By Hannah Sherwood
Everyone has fond memories of picnicking as a child because, quite honestly, when the sun’s shining, what better way to spend an afternoon than packing up the hamper and heading to the park/seaside/back garden? Picnics do come with a health risk, though (high-fat sausage rolls, cakes, fizzy drinks…), so to celebrate National Picnic Week (16–22 June), we’ve put together some of our favourite tried and tested recipes for a healthier outdoor feast.
Cheese and chutney scones
These are super tasty warm from the oven, so you’ll have to try your best to save some for the hamper!
Prep 10 min
Cook 20 min
30g low-fat spread, plus extra to grease
350g self-raising flour, plus extra to knead
75g reduced-fat mature cheese, grated
1tsp dried sage
250ml skimmed milk
75g caramelised red onion chutney
1) Preheat the oven to 200°C/fan 180°C/gas 6. Rub the spread into the flour to form fine crumbs. Add three-quarters of the cheese and the sage and mix well. Add the milk to form a soft dough.

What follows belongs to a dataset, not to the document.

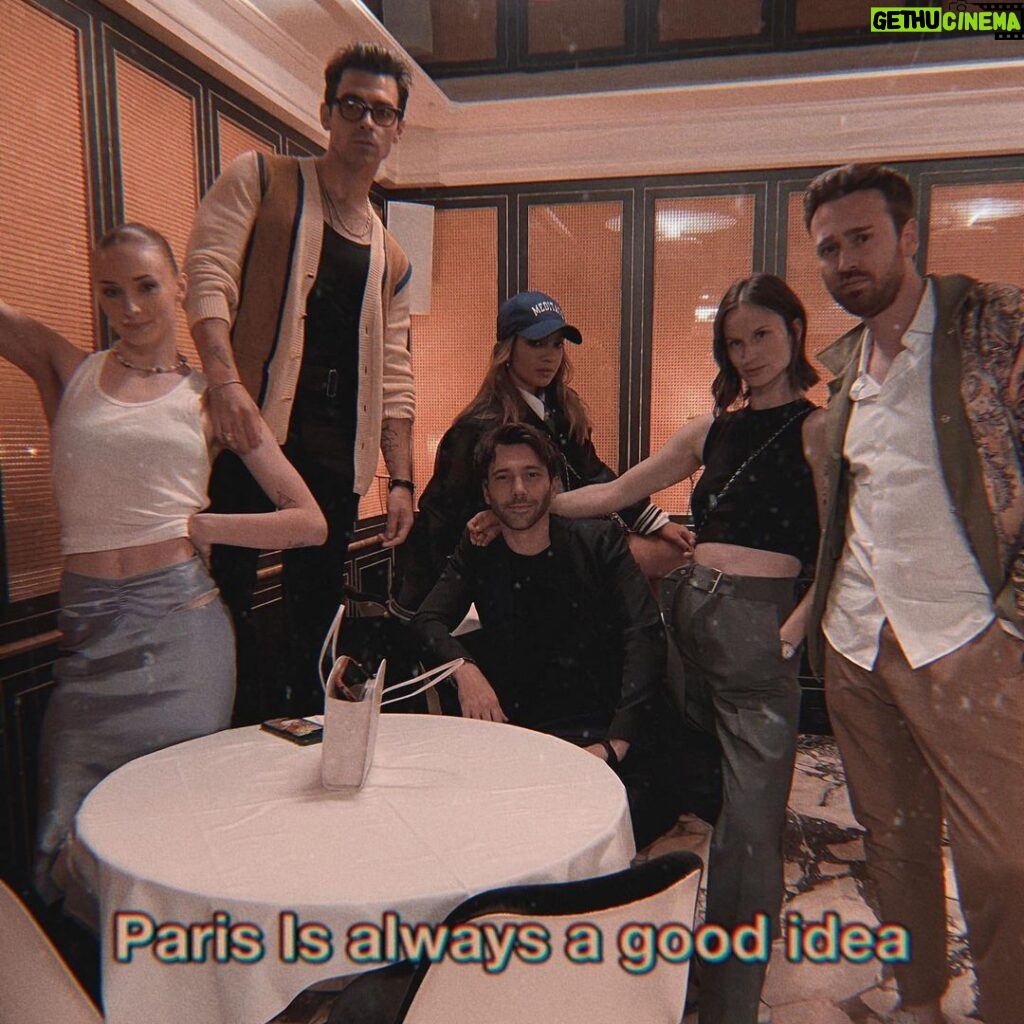 Sophie Turner Instagram - Paris really is always a good idea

2) Lightly knead the dough on a well-floured surface and use a cutter to make 12 scones. Put them on a greased baking tray, spread chutney over the top of each scone and add a sprinkle of the remaining cheese.

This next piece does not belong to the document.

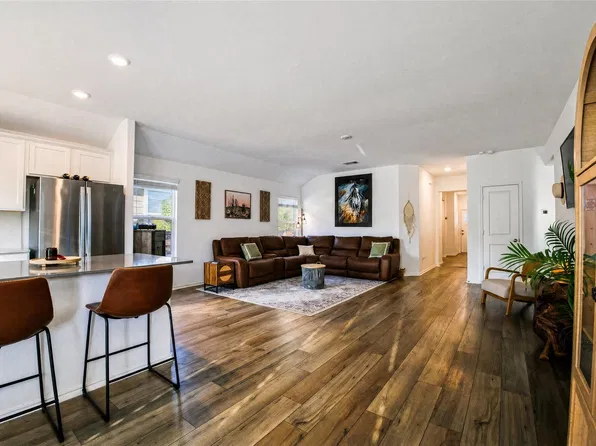 211 Mendoza, Kyle, TX 78640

3) Bake for 17 min or until golden (see picture, above)
Per scone: 141kcal, 2.5g fat, 3.8g sugar, 0.5g salt
This will add a punchy flavour to your picnic and it’s great for eating with your fingers. Don’t forget to take along the wet wipes…

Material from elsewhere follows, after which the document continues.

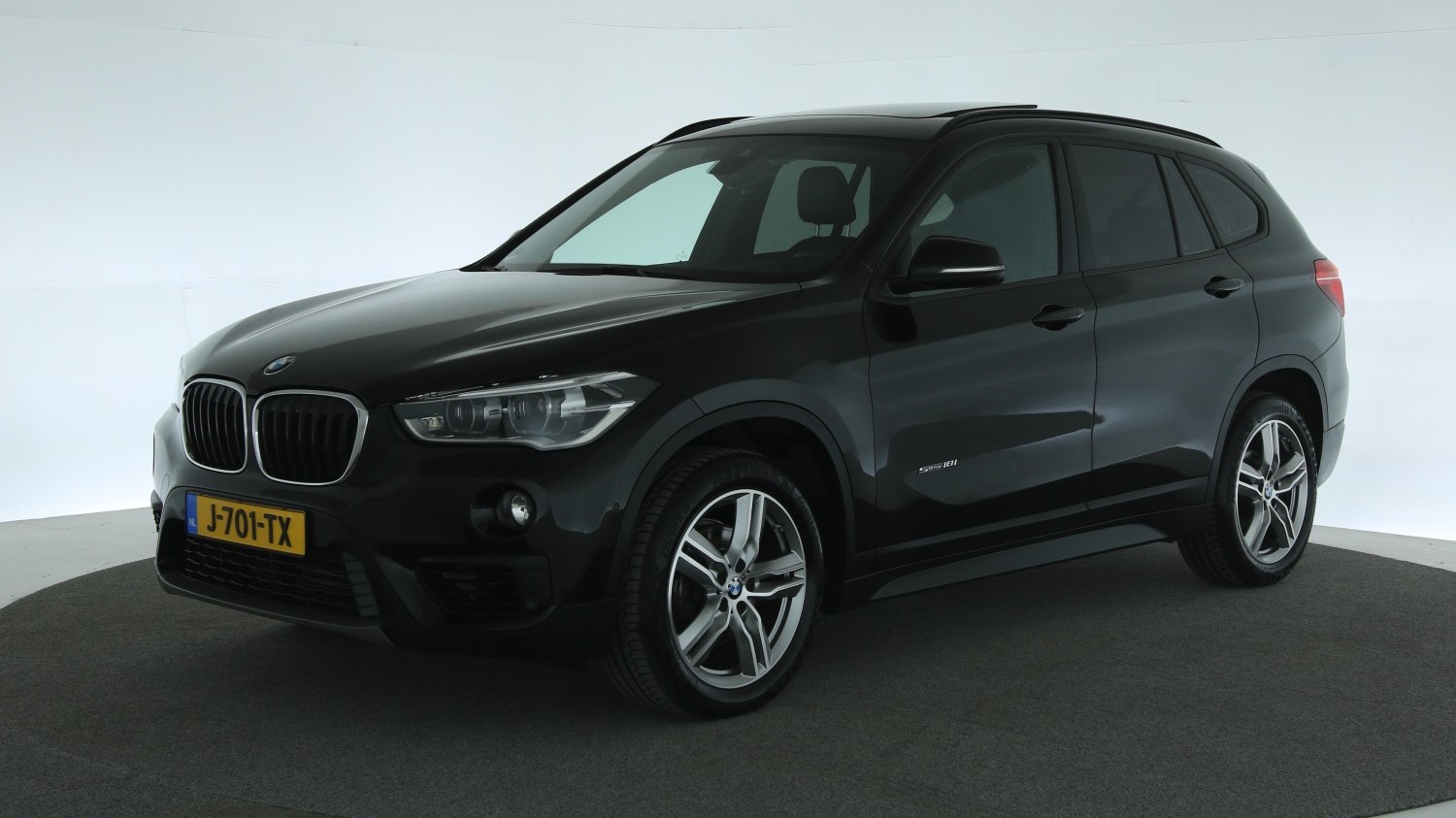 BMW X1 SUV / Terreinwagen 2018 J-701-TX 1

Prep 5 min, plus marinating
Cook 40 min
2tbsp hot peri peri sauce
2tsp olive oil
Juice of 11⁄2 lemons, plus 1 lemon, thinly sliced with pips removed
11⁄2tsp dried oregano
600g skinless chicken breast fillets
600g skinless and boneless chicken thigh fillets
2tbsp flatleaf parsley, chopped
1) Combine the peri peri sauce, oil, lemon juice and oregano in a large bowl.
2) Cut each chicken breast into three pieces and the thighs into two or three, depending on their size. Add to the marinade, cover and chill for 3–4 hr or overnight.
3) Preheat the oven to 200°C/fan 180°C/gas 6. Line a baking dish with baking paper and arrange the chicken in a single layer. Scatter over the lemon slices and cook for 30–40 min or until cooked through.
4) Transfer the cooked chicken to the container you’ll be taking to the picnic and immediately store in the fridge, uncovered, until chilled. Keep cool until ready to eat and sprinkle with parsley just before serving.
Per serving: 172kcal, 3.8g fat, 0.4g sugar, 0.5g salt
Leek and courgette quiche
Quiche is traditional picnic fare, but our madeover version has fewer calories and less fat (including saturates).
Prep 10 min
Cook 1 hr 15 min
Cooking oil spray
320g ready-rolled, reduced-fat shortcrust pastry, defrosted if frozen
1 medium leek, thinly sliced
2 medium courgettes, thinly sliced
1 garlic clove, crushed
5tbsp skimmed milk
50g goat’s cheese, crumbled
Fresh herbs, to garnish
1) Preheat the oven to 200°C/fan 180°C/gas 6 and lightly spray a 24cm fluted tin with oil. Roll out the pastry so it’s slightly thinner, then use it to line the tin, trimming any excess pastry with a sharp knife to neaten the edges.
2) Put the flan tin on a baking tray. Cover the pastry with a sheet of baking paper, then pour in baking beans or rice and bake for 15 min. Remove from the oven and discard the beans or rice and paper, then bake for a further 5 min or until golden.
3) Meanwhile, put a large frying pan over a medium heat and spray with a little oil. Add the leek and courgettes and cook for 15–20 min until very soft, stirring occasionally – if necessary, add 1–2tbsp water to help cooking. Add the garlic and cook for a further 2 min, then spoon the mixture into the baked pastry case.
4) In a jug, whisk the eggs with the milk, then pour over the leek and courgette mixture. Sprinkle with the goat’s cheese, then bake for 25–30 min until the filling is set. Remove from the oven, then leave to stand in the tin for 5 min.
5) Garnish the quiche with the herbs, then slice.
Per serving: 334kcal, 18.1g fat, 8.8g sugar, 0.8g salt
Take this easy green salad along to go with the chicken or quiche. You don’t want it to go soggy, though, so toss the leaves in the dressing at the last moment.
Prep 5 min
Cook 2 min
100g bag mixed salad leaves
1 cucumber, sliced into ribbons using a vegetable peeler
2tbsp snipped fresh chives
2tbsp balsamic vinegar
1) Blanch the mangetout in a pan of boiling water for 1 min or until bright green and tender-crisp. Drain in a colander, then refresh under cold running water.
2) Put the mangetout in a bowl with the remaining ingredients and toss to combine, then serve.